O MEU NATAL (excerto)

 

 

A noite de Natal. Em meu país, agora,

O que não vai até ao romper do dia, a aurora!

As mesas de jantar na cidade e na aldeia,

À luz das velas, ou à luz d´uma candeia,

Entre risadas de crianças e cristais

(De que chegam até mim só ais, só ais)

Dois milhões de almas e outros tantos corações,

Pondo de parte ódios, torturas, aflições,

Que o mel suaviza e faz adormecer o vinho:

São todas em redor de uma toalha de linho!

(António Nobre, In Natal… Natais, Ant.
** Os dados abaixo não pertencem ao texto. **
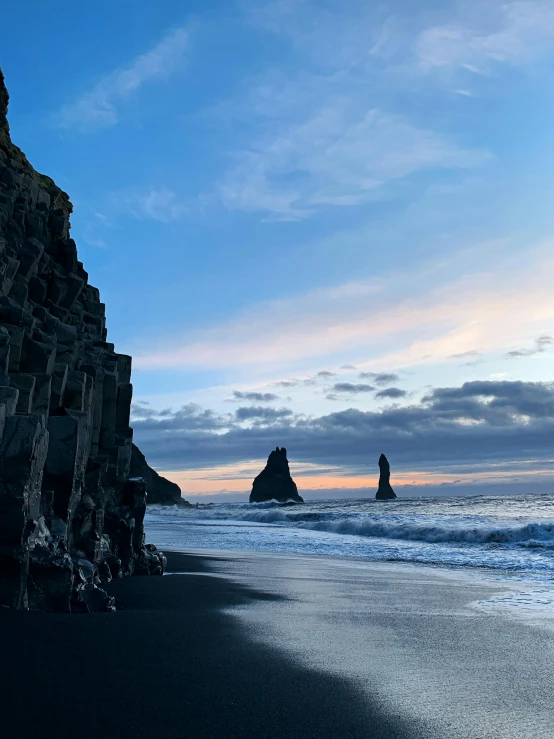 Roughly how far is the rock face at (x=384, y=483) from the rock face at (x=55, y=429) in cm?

Vasco Graça Moura, Público, 2005, p. 162)

 

 

NATAL

 

 

 

O Chefe de família limpou a boca ao guardanapo e afirmou assim como dois e dois são quatro e não são outra coisa

 

O Natal é o Natal e não é outra coisa antes pelo contrário

 

E para provar o que dizia comeu uma asa de peru

com recheio de castanhas

e limpou os dedos gordurosos ao bordado da toalha

À volta da mesa metade da família discutia a mensagem

e comia

e a outra metade mais intelectual comia a mensagem

e discutia

sim tal não tal

sim tal não tal

não tal

não tal

Natal

(Yvette Centeno, In Natal… Natais, Ant. Vasco Graça Moura, Público, 2005, p. 335).